With more litigation funders being willing to take these claims, such a course of action is becoming an increasingly attractive option.
In ordinary circumstances, shareholders cannot claim for a drop in their share price. It is a known risk with investments that share prices can and will fluctuate. Shareholders cannot claim for “reflective loss” where their losses merely reflect the loss suffered by the company (Prudential Assurance v Newman Industries (No. 2) [1982] 1 Ch 204)
However, there is a mechanism for these so-called “stock-drop” claims, where there has been a level of cover-up (whether intended or not) on the part of the company. The action against Petrofac will be brought as a claim under section 90 Financial Services and Markets Act 2000, which allows compensation to shareholders in relation to statements made in a company’s listing particulars or prospectus.
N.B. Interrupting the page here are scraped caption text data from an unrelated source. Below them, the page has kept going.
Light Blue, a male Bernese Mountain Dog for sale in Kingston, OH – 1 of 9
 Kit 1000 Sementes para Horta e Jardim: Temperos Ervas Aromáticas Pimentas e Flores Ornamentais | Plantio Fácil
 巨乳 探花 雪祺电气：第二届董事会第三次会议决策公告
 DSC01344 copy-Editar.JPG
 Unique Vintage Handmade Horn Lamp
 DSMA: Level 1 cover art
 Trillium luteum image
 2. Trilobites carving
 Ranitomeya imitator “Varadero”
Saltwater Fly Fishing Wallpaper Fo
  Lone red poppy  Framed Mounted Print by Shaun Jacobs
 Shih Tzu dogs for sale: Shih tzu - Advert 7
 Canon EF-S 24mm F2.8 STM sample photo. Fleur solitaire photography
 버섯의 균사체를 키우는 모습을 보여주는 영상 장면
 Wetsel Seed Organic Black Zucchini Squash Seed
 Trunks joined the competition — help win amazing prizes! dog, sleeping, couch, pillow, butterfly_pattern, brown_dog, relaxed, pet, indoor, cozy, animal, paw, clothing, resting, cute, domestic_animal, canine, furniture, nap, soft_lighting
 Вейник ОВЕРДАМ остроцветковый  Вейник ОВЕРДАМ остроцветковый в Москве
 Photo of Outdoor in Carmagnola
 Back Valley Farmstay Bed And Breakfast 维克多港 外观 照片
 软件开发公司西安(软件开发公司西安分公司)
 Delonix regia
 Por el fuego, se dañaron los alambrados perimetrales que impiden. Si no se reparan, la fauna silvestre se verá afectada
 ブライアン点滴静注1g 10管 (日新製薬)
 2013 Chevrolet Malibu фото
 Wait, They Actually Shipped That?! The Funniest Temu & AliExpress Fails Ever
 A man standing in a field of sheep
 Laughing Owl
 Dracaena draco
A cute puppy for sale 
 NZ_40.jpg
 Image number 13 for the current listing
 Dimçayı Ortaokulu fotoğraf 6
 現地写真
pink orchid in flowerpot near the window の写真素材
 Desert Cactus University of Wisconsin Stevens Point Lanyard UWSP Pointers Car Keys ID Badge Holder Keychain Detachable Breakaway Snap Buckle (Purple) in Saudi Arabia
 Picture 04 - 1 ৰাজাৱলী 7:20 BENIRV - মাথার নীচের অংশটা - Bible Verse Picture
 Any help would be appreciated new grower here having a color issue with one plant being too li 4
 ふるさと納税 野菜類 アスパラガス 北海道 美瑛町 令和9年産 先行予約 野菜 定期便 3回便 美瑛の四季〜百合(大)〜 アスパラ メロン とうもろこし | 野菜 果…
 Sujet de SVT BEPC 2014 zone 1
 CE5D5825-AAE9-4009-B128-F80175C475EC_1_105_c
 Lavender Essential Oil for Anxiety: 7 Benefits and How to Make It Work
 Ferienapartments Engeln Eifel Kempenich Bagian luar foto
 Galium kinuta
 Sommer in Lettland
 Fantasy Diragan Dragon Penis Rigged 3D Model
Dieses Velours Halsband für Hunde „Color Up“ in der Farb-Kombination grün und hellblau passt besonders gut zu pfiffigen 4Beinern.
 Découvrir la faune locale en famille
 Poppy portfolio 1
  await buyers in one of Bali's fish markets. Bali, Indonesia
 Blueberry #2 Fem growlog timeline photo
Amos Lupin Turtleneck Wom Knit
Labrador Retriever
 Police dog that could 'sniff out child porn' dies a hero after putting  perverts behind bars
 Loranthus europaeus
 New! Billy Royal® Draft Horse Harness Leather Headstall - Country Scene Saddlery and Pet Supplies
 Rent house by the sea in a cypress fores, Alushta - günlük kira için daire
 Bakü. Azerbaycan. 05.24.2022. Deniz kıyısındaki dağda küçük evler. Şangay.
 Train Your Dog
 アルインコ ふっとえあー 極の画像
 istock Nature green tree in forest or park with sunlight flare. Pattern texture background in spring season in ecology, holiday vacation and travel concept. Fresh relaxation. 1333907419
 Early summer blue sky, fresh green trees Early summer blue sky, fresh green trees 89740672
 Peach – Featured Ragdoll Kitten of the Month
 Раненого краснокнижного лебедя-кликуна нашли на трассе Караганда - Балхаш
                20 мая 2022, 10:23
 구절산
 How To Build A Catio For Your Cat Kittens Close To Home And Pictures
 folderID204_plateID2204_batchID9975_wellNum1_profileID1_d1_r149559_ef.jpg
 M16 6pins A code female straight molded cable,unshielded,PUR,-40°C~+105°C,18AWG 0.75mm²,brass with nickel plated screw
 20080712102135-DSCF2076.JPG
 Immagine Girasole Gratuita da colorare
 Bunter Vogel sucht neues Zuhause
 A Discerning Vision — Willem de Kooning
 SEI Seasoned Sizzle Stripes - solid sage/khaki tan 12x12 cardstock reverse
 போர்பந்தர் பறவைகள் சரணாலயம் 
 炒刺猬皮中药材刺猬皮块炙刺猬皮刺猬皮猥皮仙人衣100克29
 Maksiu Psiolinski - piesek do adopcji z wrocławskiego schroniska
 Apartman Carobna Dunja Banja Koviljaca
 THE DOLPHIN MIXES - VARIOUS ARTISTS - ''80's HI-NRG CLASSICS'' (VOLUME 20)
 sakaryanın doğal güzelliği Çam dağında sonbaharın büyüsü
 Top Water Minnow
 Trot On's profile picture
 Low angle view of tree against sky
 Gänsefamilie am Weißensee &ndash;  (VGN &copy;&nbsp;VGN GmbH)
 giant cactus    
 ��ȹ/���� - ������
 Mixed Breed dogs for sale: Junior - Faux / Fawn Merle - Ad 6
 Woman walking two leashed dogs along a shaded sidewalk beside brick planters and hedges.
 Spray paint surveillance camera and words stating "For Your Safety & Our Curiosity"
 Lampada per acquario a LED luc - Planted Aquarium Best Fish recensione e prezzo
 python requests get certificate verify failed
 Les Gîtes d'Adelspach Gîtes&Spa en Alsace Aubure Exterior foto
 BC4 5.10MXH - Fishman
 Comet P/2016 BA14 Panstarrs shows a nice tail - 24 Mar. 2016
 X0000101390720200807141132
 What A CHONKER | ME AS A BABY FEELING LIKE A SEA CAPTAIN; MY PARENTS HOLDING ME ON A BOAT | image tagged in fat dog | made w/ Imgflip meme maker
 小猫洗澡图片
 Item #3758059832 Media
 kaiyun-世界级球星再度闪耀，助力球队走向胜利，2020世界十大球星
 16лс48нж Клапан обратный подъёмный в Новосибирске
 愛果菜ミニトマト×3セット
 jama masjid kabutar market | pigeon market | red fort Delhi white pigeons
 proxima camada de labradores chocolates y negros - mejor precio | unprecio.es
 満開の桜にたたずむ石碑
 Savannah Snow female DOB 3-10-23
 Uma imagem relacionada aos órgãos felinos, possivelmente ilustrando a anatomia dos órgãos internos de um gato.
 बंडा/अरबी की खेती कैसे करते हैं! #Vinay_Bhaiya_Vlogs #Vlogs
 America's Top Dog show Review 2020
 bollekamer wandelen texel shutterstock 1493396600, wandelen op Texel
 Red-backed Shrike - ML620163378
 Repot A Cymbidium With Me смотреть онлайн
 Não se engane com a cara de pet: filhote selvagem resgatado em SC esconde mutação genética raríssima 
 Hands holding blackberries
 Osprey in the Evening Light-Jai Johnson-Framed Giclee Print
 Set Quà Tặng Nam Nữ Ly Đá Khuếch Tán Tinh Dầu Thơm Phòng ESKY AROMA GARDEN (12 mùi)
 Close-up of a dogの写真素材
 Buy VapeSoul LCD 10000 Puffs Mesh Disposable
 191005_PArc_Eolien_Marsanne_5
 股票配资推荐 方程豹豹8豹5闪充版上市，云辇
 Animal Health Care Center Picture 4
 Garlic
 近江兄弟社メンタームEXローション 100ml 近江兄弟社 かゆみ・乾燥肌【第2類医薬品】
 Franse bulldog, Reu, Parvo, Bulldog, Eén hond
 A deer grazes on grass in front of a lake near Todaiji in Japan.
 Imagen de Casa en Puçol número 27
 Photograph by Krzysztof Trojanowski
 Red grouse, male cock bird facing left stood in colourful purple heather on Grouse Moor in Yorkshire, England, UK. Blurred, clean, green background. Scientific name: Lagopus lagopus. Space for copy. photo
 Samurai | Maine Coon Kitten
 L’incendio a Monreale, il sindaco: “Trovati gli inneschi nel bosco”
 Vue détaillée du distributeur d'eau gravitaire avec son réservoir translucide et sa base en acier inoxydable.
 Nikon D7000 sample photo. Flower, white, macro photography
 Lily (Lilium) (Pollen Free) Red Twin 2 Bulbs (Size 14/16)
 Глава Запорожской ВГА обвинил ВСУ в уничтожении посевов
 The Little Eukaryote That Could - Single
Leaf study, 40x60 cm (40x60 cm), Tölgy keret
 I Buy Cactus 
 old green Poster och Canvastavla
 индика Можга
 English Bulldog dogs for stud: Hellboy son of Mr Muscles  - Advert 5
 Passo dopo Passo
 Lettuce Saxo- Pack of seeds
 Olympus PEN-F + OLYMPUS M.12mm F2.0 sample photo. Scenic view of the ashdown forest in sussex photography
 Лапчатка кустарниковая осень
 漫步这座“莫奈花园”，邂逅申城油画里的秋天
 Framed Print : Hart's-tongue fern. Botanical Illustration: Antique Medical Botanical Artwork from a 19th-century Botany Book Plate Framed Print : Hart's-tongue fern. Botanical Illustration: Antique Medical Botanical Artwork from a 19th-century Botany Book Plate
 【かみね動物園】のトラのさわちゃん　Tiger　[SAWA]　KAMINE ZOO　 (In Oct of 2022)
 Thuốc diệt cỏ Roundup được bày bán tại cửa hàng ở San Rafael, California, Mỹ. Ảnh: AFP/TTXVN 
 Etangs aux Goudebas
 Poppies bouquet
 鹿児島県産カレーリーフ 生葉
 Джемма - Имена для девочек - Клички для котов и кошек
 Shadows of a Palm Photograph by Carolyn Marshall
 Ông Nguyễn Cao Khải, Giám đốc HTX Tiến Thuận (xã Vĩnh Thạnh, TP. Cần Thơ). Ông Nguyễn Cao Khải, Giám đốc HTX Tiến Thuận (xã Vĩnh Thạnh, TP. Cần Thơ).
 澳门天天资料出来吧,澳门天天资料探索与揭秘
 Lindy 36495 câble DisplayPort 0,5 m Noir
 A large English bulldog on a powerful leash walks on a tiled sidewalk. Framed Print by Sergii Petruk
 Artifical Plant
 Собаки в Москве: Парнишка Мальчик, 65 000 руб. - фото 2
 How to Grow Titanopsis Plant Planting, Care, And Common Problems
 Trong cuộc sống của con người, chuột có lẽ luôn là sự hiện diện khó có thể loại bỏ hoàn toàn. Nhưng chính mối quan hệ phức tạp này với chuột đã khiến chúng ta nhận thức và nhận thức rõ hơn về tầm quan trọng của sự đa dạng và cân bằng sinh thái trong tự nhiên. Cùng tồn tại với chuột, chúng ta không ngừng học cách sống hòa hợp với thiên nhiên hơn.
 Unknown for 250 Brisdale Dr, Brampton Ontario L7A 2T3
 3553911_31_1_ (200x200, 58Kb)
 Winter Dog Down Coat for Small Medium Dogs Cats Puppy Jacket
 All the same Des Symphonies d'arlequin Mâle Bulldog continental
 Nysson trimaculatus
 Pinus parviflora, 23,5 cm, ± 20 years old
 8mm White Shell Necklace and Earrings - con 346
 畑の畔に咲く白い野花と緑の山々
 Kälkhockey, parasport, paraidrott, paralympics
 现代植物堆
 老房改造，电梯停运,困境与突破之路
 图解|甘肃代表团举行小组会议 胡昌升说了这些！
Compensation is payable if the person who acquired securities suffered loss as a result of “any untrue or misleading statement in the particulars” or “omission from the particulars of a matter required to be included.”
But for the Petrofac shareholders’ claim to succeed, the company being guilty of wrongdoing will not be enough. The company must have made an untrue or misleading statement in its documents for the claimants to be successful. Often, the difficulty facing those bringing such claims is that the misleading statements they rely upon are broad and vague, making the link between the statements and the loss more difficult to establish.
In relation to bribery, it is usually the case that annual reports include a statement that the company “recognises the requirements of the UK Bribery Act 2010” or it “manages its risk in relation to bribery”. Whether these statements are sufficiently precise to be deemed misleading remains to be seen.
This case has the potential to open the door for others who wish to hold listed companies to account for environmental, social and governance failures or other matters.
But it will be interesting to see what statements within the documents are deemed to be misleading or untrue - and whether the shareholders can prove reliance on such statements and any resulting loss.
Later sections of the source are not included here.